I tried grounding the junction between the 3 components but that only took a little cable hum away, the mid-bass pot hum is still present. So whatever that hum problem is, it has nothing to do with tube voltages, wrong LV or HV voltages or grounding problems. I also tried the "bad jack test" but that didn't change anything either.

though I'm wondering if the positive DC heater voltage point for V1 (pin 9) should be grounded?
 
I'm wondering if the positive DC heater voltage point for V1 (pin 9) should be grounded?

Is the pdf schematic that wrong ???

It shows the heaters are wired parallel @ 6VAC. Pin 9 of U1 should have about 3VAC measured to ground (half of the full heater voltage seen on pins 4/5 to 9).
 
Nope it's not wrong, well if you look at the last page of the official schematic you'll find that the AC heater line gets rectified to DC for the heaters on V1 (to provide a quieter first stage). The rectifying diodes in the schematic are designed with errors but it shows exactly how the heaters on V1 work, negative DC 3.2v to pins 4 & 5 and positive DC 3.2v to pin 9. What I needed to know is if pin 9 on V1 in your amp is grounded?

thanks
 
Ah, I see the DC for the U1 heater now, missed it before.

I can can pull my chassis back out later today and check.

I'll check U1 Pin9 to ground resistance.

While it's out I'll check the DC heater voltages: 9 to ground and 4/5 to ground and how much AC ripple is on each as well.

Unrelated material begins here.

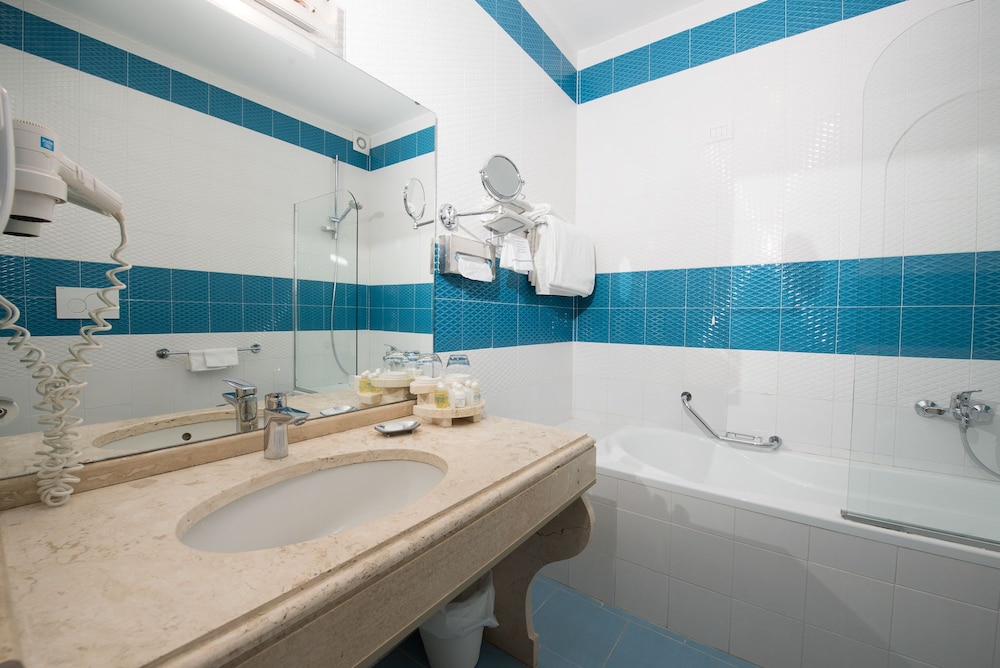 Superior Room, Sea View - Photo 10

It will be a few hours before I'll have time, so if there is anything else you want a reference measurement on let me know.
 
Well the only other thing I would like to know is if you get ground on the very left pin of the left LDR, the pin that is connected to the 1.5Mohm input resistor.

thanks again for all your help
 
OK,

1. The 1.5MOhm/LDR junction : When I first measured it (nothing plugged into front panel input jack), I measured a little over 6 Ohms. Should be zero. Cleaned input jack with a little DeOxit and it went to zero.

2. Measured U1Pin9 resistance to ground. Measured about 700KOhms. Drained +/-3V filter caps. Measured resistance again and showed the normal capacitor charging behavior of very low resistance increasing with time. NO short pin 9 to ground.

3. Measured U1 heater voltages to ground with amp in stdby.

U1Pin9 to Gnd -> 3.07 VDC and 0.088VAC (88mVAC)
Pins 4/5 to Gnd -> 3.07 VDC and 0.083VAC (83mVAC)

Good Luck!
 
Thanks again for all the help, and sorry about taking your time away.... I still have no idea where the hum is coming from but I'm starting to think of the pots themselves but that would be really strange, I just changed both gain pots with original mesa replacements and that took away the crackle and unbalanced gain increase off the gain channel, but then this strange hum came out.... could also be the 120pf disc cap on the rhythm channel gain pot.